### DATA TO USE

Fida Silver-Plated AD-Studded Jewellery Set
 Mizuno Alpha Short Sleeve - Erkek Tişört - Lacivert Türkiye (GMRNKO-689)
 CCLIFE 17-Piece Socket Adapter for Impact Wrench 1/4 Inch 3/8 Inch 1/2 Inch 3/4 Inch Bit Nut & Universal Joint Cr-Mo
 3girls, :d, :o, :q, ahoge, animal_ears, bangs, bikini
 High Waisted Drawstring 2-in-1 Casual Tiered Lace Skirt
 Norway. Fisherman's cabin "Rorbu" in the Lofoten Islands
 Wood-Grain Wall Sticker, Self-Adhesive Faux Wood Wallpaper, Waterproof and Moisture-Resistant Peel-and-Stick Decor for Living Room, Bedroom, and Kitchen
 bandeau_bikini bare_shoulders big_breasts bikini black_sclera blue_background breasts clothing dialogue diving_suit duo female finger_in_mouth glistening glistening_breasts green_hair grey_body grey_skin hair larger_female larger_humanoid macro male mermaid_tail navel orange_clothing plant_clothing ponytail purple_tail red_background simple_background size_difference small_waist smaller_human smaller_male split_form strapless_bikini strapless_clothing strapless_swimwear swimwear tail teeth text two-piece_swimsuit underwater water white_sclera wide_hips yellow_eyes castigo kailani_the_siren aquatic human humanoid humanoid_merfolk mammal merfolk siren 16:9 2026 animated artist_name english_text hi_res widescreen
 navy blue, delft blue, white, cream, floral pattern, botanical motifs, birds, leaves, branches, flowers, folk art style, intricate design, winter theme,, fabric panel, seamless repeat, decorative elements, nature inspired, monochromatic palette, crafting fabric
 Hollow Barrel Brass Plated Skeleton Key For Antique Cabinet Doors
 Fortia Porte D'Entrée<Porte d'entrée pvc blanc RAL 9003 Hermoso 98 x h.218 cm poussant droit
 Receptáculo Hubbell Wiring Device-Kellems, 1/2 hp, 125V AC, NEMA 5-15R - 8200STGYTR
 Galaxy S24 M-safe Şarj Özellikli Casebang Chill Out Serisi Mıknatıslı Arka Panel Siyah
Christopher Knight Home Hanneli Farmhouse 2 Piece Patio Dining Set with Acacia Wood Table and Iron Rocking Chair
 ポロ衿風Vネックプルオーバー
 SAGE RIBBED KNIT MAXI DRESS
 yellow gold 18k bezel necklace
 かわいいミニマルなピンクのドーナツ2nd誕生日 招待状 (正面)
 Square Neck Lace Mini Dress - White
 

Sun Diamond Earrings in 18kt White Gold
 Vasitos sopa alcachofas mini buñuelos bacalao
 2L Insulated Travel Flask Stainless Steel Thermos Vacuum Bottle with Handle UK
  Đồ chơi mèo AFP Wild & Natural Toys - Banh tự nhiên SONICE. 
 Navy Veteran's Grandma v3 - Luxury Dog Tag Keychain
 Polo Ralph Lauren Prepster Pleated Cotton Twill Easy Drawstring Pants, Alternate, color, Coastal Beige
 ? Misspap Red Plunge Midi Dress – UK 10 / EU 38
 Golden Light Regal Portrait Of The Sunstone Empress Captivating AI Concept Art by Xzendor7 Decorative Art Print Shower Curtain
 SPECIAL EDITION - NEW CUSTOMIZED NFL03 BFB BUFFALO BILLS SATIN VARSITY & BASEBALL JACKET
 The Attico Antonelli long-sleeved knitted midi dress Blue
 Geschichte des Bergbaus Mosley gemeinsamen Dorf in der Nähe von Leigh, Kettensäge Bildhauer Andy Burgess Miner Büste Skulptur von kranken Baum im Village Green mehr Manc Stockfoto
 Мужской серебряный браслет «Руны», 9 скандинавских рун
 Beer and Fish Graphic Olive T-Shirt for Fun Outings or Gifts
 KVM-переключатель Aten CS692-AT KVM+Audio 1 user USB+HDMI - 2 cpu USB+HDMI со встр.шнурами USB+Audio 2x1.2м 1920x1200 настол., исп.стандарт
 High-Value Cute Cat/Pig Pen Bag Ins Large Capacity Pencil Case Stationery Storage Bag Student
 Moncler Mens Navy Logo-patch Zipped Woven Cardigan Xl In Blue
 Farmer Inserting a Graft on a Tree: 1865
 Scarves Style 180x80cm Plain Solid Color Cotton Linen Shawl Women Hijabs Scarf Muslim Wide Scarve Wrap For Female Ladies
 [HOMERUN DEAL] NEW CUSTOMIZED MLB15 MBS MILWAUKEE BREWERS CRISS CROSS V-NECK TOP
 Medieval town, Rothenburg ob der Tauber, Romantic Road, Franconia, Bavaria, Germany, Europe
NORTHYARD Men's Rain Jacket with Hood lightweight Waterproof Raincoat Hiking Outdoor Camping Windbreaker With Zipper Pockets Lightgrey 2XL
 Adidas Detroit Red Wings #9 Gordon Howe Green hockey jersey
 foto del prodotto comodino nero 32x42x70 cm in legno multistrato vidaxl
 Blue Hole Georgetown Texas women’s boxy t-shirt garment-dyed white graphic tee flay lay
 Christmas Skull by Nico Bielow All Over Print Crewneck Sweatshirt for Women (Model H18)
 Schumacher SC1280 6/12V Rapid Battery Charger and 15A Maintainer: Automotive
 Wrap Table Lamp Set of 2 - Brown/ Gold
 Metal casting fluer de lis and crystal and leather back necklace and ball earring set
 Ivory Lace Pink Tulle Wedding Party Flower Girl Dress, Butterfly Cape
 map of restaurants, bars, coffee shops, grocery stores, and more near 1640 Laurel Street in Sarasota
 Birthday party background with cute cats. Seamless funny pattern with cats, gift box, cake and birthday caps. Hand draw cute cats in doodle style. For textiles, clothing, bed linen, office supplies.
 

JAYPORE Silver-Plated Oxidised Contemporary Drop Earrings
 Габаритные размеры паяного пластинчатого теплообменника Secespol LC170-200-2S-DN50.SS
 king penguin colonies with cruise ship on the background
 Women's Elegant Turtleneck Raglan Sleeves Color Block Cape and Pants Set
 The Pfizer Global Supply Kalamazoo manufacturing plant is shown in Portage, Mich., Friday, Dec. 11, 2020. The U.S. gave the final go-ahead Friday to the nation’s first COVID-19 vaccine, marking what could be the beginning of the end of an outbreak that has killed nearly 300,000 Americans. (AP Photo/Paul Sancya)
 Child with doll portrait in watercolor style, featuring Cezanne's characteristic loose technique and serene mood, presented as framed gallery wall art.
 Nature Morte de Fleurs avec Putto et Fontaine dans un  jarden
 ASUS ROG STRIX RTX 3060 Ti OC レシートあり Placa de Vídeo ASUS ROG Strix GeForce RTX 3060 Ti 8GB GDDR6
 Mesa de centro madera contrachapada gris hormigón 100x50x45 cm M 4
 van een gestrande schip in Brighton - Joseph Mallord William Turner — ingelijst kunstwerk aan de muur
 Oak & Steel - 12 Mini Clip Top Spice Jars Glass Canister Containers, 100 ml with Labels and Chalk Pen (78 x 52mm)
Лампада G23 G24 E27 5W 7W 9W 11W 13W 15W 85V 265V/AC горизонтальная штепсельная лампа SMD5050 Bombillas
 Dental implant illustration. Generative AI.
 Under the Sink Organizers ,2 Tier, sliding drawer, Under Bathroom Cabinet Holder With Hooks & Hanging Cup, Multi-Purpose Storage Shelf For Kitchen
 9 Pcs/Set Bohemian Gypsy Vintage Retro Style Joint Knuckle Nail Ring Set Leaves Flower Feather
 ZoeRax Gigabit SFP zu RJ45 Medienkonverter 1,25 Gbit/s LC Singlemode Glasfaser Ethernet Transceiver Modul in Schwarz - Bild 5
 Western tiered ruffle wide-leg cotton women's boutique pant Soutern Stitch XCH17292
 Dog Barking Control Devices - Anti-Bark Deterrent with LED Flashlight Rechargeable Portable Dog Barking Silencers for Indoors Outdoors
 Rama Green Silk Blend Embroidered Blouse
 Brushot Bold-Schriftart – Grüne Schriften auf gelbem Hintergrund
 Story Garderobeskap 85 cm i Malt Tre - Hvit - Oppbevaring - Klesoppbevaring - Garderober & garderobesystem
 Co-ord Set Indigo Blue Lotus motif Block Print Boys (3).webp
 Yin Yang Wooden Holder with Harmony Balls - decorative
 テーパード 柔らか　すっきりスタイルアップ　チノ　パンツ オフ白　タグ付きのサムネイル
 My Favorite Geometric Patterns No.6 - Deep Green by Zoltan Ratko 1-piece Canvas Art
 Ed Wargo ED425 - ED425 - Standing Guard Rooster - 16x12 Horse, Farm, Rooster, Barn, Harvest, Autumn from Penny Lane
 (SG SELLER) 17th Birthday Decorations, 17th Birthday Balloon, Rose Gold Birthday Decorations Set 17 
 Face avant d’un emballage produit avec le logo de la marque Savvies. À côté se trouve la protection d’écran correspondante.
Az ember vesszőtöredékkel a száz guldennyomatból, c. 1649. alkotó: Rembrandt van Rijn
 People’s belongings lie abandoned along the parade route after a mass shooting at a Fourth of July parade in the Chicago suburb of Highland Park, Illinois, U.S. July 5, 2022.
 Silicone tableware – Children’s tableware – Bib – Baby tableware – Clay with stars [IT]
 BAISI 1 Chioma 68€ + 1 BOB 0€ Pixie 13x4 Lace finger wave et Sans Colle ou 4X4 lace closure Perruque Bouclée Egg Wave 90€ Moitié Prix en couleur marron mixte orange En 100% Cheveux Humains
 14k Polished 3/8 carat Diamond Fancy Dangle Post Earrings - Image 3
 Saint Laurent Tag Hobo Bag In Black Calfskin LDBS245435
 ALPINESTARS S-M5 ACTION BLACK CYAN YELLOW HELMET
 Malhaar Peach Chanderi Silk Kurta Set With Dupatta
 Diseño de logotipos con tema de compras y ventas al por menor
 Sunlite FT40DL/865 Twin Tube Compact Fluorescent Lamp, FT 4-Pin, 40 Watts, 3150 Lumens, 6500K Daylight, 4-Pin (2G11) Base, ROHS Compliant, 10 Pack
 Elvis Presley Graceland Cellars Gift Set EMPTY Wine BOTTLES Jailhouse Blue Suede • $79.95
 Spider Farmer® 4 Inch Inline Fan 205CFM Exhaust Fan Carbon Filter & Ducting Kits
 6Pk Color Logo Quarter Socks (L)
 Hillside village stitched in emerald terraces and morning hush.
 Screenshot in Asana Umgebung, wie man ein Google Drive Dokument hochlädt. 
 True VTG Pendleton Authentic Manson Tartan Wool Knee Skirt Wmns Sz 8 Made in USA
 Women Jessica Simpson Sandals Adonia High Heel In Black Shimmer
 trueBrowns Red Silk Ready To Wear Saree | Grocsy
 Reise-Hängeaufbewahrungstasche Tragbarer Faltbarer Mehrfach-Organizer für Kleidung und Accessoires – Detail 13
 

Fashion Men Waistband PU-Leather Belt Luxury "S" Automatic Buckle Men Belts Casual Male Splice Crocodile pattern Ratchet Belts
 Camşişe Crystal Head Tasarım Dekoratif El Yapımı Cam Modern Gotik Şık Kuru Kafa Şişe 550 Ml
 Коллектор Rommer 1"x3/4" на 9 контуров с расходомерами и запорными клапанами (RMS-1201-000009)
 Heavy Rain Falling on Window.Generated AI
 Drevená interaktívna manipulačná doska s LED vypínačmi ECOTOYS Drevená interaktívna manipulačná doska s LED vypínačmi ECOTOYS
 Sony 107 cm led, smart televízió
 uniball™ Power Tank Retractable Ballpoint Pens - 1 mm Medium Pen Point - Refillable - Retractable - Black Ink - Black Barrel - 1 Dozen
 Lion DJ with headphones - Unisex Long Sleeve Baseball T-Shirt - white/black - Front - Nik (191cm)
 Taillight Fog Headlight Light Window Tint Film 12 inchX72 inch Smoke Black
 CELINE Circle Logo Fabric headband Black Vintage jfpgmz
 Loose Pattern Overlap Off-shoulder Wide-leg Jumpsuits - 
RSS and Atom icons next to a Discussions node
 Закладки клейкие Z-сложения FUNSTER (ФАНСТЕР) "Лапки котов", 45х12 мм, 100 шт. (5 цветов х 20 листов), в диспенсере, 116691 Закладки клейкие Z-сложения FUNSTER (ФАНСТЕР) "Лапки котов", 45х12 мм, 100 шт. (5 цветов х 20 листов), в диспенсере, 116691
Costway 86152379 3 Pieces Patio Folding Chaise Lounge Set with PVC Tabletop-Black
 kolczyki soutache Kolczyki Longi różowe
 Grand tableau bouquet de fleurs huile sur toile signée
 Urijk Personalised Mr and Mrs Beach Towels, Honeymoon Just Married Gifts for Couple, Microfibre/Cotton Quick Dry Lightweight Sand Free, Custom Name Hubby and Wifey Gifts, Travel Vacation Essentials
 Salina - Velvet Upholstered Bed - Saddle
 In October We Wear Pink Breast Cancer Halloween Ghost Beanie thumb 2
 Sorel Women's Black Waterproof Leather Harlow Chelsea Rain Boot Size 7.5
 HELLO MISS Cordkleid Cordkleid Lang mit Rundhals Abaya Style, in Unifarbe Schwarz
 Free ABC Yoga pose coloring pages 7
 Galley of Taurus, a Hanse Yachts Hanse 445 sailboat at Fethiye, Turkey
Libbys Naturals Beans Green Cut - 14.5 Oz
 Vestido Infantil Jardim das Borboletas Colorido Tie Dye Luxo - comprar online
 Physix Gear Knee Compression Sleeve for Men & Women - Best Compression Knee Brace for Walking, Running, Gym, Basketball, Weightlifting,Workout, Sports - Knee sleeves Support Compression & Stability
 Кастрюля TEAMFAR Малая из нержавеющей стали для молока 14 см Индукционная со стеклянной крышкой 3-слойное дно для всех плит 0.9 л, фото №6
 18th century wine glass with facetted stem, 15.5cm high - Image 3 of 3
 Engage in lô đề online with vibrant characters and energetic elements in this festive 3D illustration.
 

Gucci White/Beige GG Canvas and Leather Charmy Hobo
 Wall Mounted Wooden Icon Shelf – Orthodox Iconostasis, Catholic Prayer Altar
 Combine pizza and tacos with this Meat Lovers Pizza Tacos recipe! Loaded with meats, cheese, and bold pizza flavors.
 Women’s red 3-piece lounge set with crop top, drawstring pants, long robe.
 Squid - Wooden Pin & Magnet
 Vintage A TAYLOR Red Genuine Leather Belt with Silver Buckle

######

> **PROBLEM TO SOLVE**
Please give back exactly the lines of the listing above that run from the one containing "Adidas Detroit Red" through the one containing "Blue Hole Georgetown", and only those.

> **FINISHED EXERCISE**
 Adidas Detroit Red Wings #9 Gordon Howe Green hockey jersey
 foto del prodotto comodino nero 32x42x70 cm in legno multistrato vidaxl
 Blue Hole Georgetown Texas women’s boxy t-shirt garment-dyed white graphic tee flay lay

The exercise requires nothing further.